Friday, June 17, 2011

Manchester Enters: Freddie and the Dreamers: "I'm Telling You Now"

In popular culture there are some places that generate certain sounds; you hear a group or artist and you can just tell where they are from. The closer you are to the place, the easier it is; thus, if you were from the UK you'd know that Freddie and the Dreamers were from Manchester (clearly where the ravening horde of agents and managers went once Liverpool was picked clean), but your average American wouldn't know a Liverpudlian from a Mancunian, and so this song was a hit all over again in the US two years after it was here, under the general understanding they were Merseybeat when in fact they weren't; but with such unselfconscious exuberance, there was no mistake they were part of the massive British Invasion of the time.

Freddie and the Dreamers are Mancunian in that they have a lead singer who did a wacky dance, was not in the least conventionally 'sexy' and wore glasses. It was his spirit (and the band's co-ordinated dancing) that made them so successful, even if musically this is not exactly Lennon/McCartney*; the Other here is maybe not able to understand he loves her (or to understand what he's saying, altogether) for all the standing-jumping-jacks Freddie is doing. But then Mancunians have a way of reminding everyone they can sing and dance and not be mistaken for anyone else; a delightful awkwardness which is matched by confidence and persistence. Though swept up in Merseybeat as the UK was, Manchester stakes its claims to greatness in a typically oblique manner as if to say: "You think this is good? Wait and see what we have in store."

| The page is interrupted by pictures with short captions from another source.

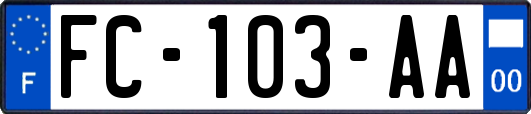 FC-103-AA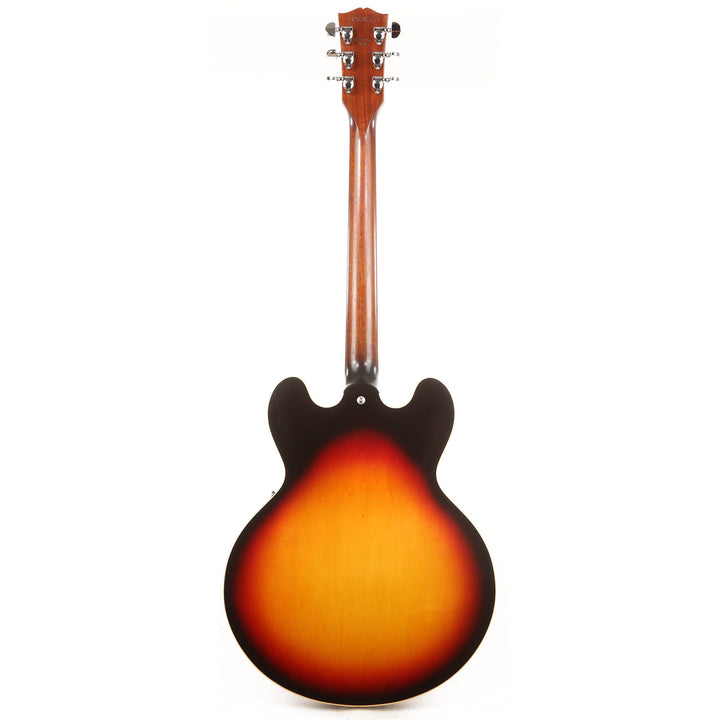 Gibson ES-335 Satin Sunset Burst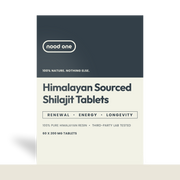 Pure Himalayan Sourced Shilajit Tablets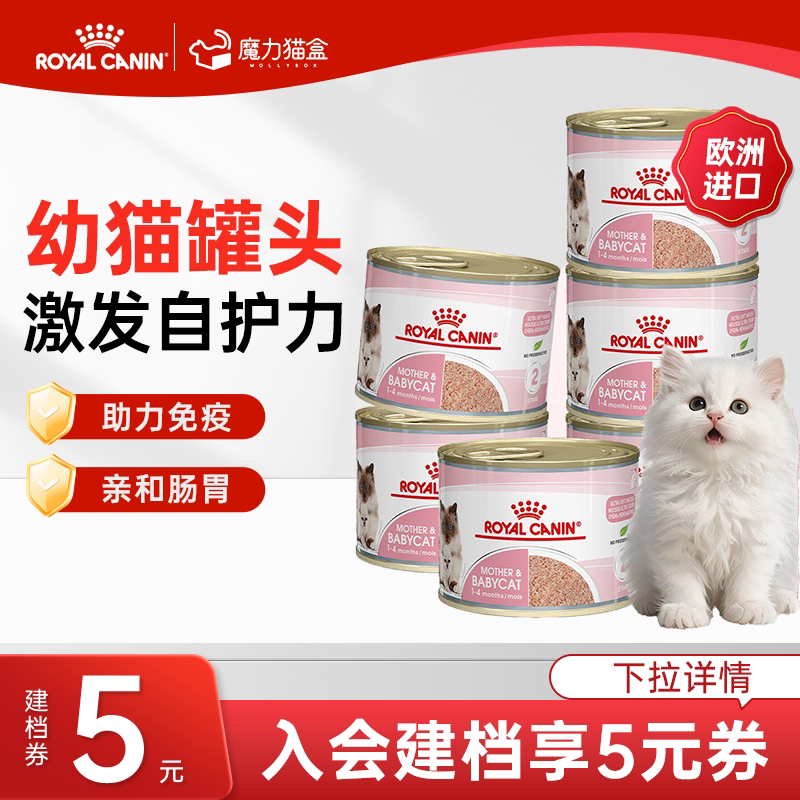 皇家幼猫奶糕慕斯主食罐头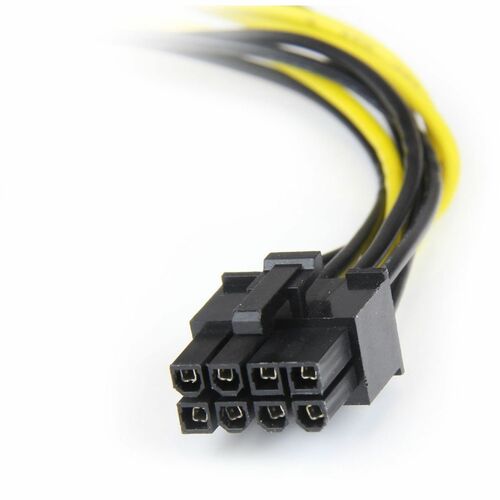 StarTech.com Adapterkabel - 15,24 cm - für PCI Express Card - LP4 / PCI-E - 1 Stück
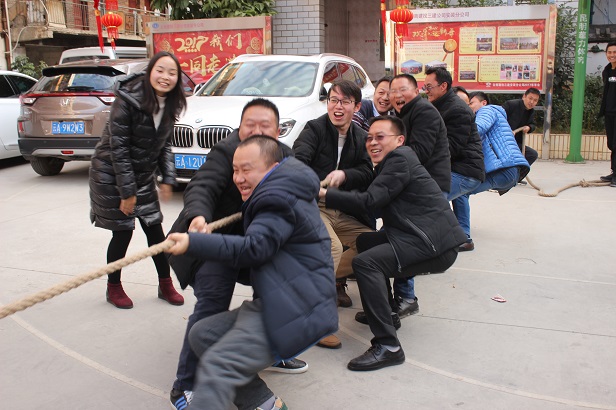 二十直管部歡喜迎新春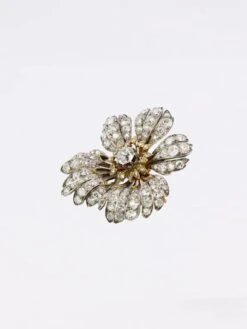 Broche Fleur Ancienne Or Argent Diamants Taille Ancienne 9 Broche Fleur Ancienne Or Argent Diamants Taille Ancienne -Castafiore Boutique broche fleur ancienne or argent diamants taille ancienne 197547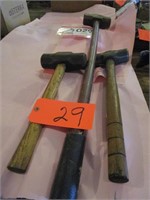 Sledge Hammers (3)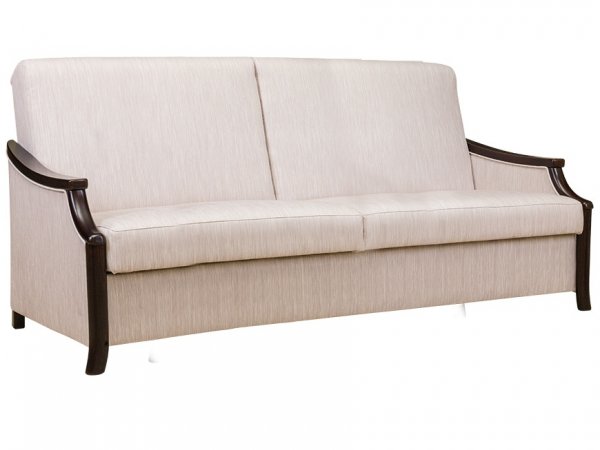 Křeslo s dřevěnými područkami ELEGANT IV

*Freddie and the Dreamers' effect on The Beatles was interesting; after they copied the arrangement of cover The Beatles did at the Cavern Club ("If You Gotta Make A Fool Of Somebody") and had a hit with it, The Beatles realized they had to start writing their own songs, songs presumably too complex for just anyone to hear once and then cover themselves. Thus began the long period of hide-and-go-seek that The Beatles played with pop music, never really resting in once place long enough to be caught. (That a song by Billy J. Kramer and The Dakotas kept this off - "Bad To Me" by Lennon/McCartney - is one thing; that "She Loves You" was released the same week shows just how ambitious they were.)